INFRASTRUCTURE

Building a Serverless Invoice Generation System with AWS

Discover how to build a robust, scalable, and secure serverless invoice generation system using AWS services like API Gateway, Lambda, DynamoDB, SNS, SQS, and S3. Learn about secure HMAC authentication, efficient data storage, reliable message processing, and secure document retrieval. Perfect for developers looking to enhance their AWS skills!

May 22, 2024
Eat, Sleep, Code, Repeat

Hey there! Today, I want to take you on a journey through the process of building a serverless invoice generation system using SST Ion and AWS cloud services. This project was a fun mix of challenges and learning experiences, and I'm excited to share the architecture, the hurdles I faced, and how I overcame them. If you're into AWS, serverless architectures, or just curious about how to process invoices in the cloud, keep reading!

The Goal

The main goal was to create a robust, scalable, and secure system to generate invoices. The system needed to:

  1. Receive and authenticate requests

  2. Store the payload securely

  3. Generate a document from the payload

  4. Store the generated document

  5. Send notifications upon document generation

  6. Provide a way to fetch the document securely

The Architecture

To achieve this, I utilized several AWS services, blending API Gateway, Lambda, DynamoDB, SNS, SQS, and S3. Here’s a high-level overview of the architecture:

  1. API Gateway + Lambda: Handle incoming requests and authentication, fetch the generated document.

  2. AWS Secrets Manager: Manage and rotate API keys for authentication.
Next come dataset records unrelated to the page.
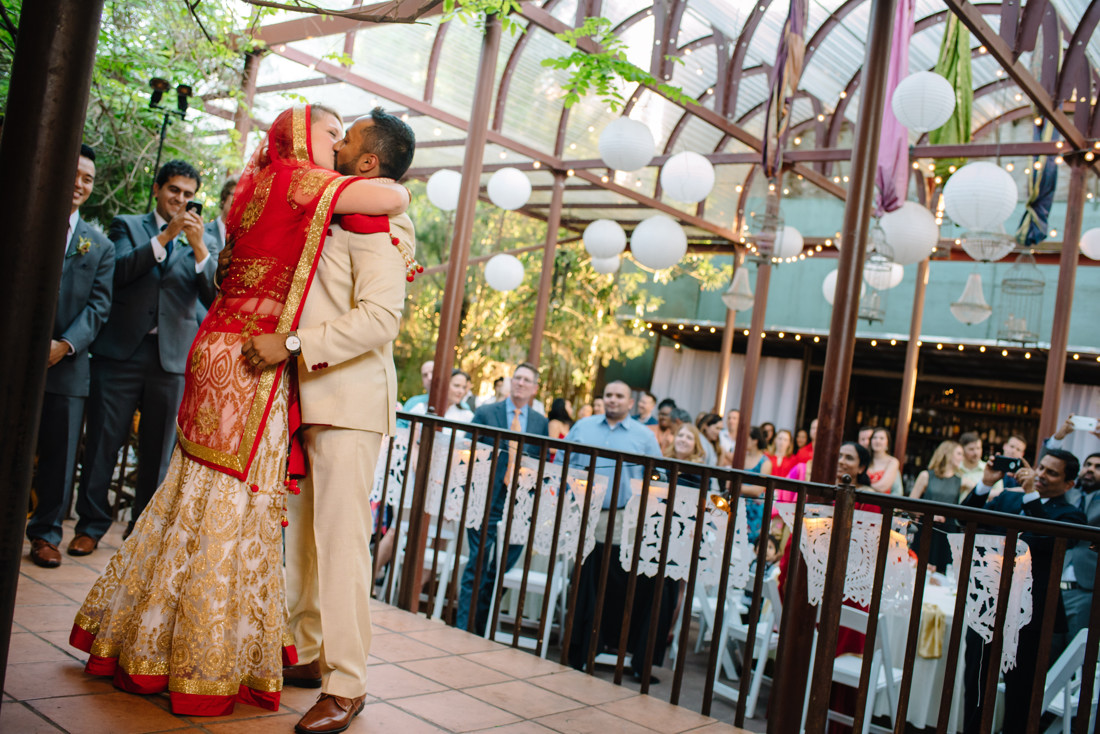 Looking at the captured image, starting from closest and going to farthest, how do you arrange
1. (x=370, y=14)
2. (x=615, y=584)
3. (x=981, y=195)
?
(x=370, y=14) → (x=615, y=584) → (x=981, y=195)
  3. DynamoDB: Store payloads and metadata.

  4. SNS: Publish and subscribe to events.

  5. SQS: Queue messages for asynchronous processing.

  6. S3: Store generated documents.

Now, let’s dive deeper into each component and the steps involved.

1. Receiving and Authenticating Requests

First off, I set up API Gateway to act as the front door for all incoming requests. The Lambda function behind it handled the request processing. Security was a top priority, so I used AWS Secrets Manager to rotate the API keys.

Challenge: Ensuring secure HMAC generation and verification.

To authenticate the requests, each incoming request needed to include an HMAC (Hash-based Message Authentication Code) of the API key and the payload. But what is HMAC, and why is it necessary?

HMAC Explained: HMAC is a specific type of message authentication code that involves a cryptographic hash function and a secret key. It provides both data integrity and authenticity. Even though the service is intended to be accessed only by internal services, HMAC adds a critical layer of security. It ensures that the data hasn't been tampered with and verifies that the sender is indeed who they claim to be. This is particularly important in preventing unauthorized access and ensuring that internal communications remain secure.

Here’s how it worked:

  • The client generated the HMAC using the API key and the payload.

  • This HMAC was sent along with the request to the API Gateway.

  • The Lambda function then generated its own HMAC using the same method and compared it with the one sent by the client.

Solution: Implementing a robust HMAC process in Lambda using AWS Secrets Manager to securely handle API keys. This ensured that only authenticated requests were processed, adding an extra layer of security to our system.

2. Storing the Payload

Once authenticated, the Lambda function took the payload and stored it in a DynamoDB table. DynamoDB was chosen for its scalability and low-latency data access.

Why DynamoDB? DynamoDB is a serverless database service, which means it automatically handles the underlying infrastructure, scaling, and maintenance. This is a huge benefit because it allows me to focus on the application logic rather than database administration. Additionally, I'm super familiar with DynamoDB, making it the first choice on my list of considerations. Its seamless integration with other AWS services and pay-per-use pricing model made it an ideal choice for this project.

Challenge: Efficiently storing and retrieving data in DynamoDB.

To tackle this, I designed the DynamoDB schema to optimize both read and write performance. This involved setting up appropriate primary keys and secondary indexes to ensure quick access to the data.

Solution: A well-thought-out DynamoDB schema that balanced performance with cost-efficiency, ensuring that the data was always available when needed.

3. Publishing to SNS

After storing the payload, the Lambda function published a message to an SNS (Simple Notification Service) topic. This message indicated that a new document was created. I set up an SQS (Simple Queue Service) queue subscribed to this SNS topic with a filter policy of REQUESTED.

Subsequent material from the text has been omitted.